Although 3taps lacks the resources to continue the fight, this settlement provides much needed resources to the EFF, as there is still much to be done on the issues raised in this case.
For example, the question remains whether private companies that maintain public websites can selectively exclude visitors, exposing the banned visitor to civil and criminal liability under the CFAA.
Furthermore, this is unlikely to be the last litigation involving craigslist's copyrights, particularly given craigslist's current practice of selectively obtaining copyright assignments and registrations (the prerequisite to a copyright infringement lawsuit) in certain user-generated posts, but failing to inform its visitors which posts it owns. This effectively creates a copyright litigation trap for unwary visitors.
Finally, it remains unresolved whether craigslist's well-recognized practice of "ghosting" (the hiding or interception of user postings and emails) without the users' knowledge or consent is legal or ethical.
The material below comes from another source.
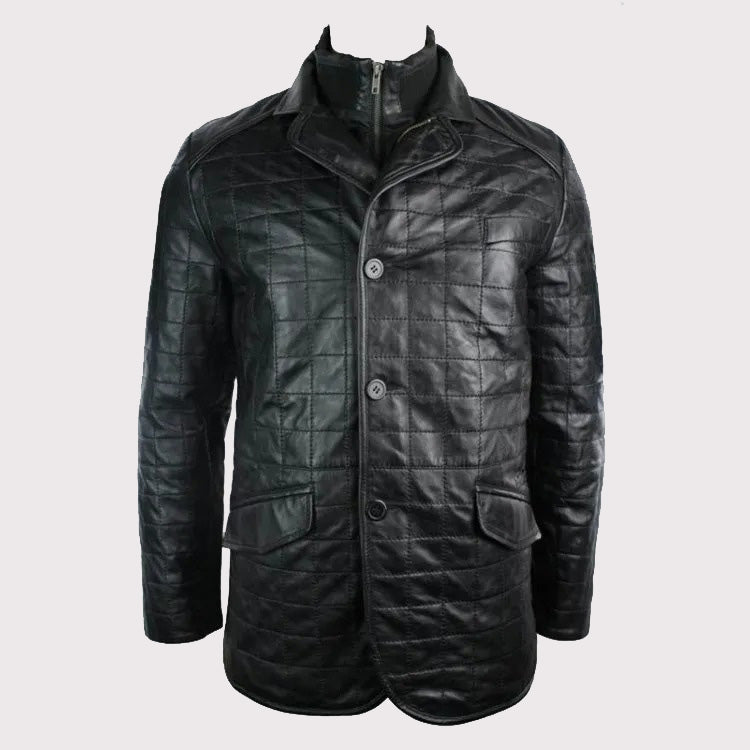 Quilted Celebrity Style Black Leather Blazer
Given all that, it's fairly disappointing to see lots of prominent people backslapping Craig
for "donating" this money to EFF. It's not Craig's money. And, according to the settlements
, it appears that the $1 million isn't all that Craigslist is getting. That's just the money 3taps is paying. Another company in the dispute, Lovely, is paying an additional $2.1 million. It's unclear if Craigslist is giving that money to EFF or anyone else -- or keeping it.
Again, on most
issues, I think Craig and Craigslist are on the right side of things. He fought strongly against SOPA and for net neutrality. I think the company does the right thing in many cases, but in this case it clearly
did not, and the fact that people are now cheering him
on when it's not even his money, and is only happening as a result of his bad lawsuit that forced another company to shut down, is really disturbing.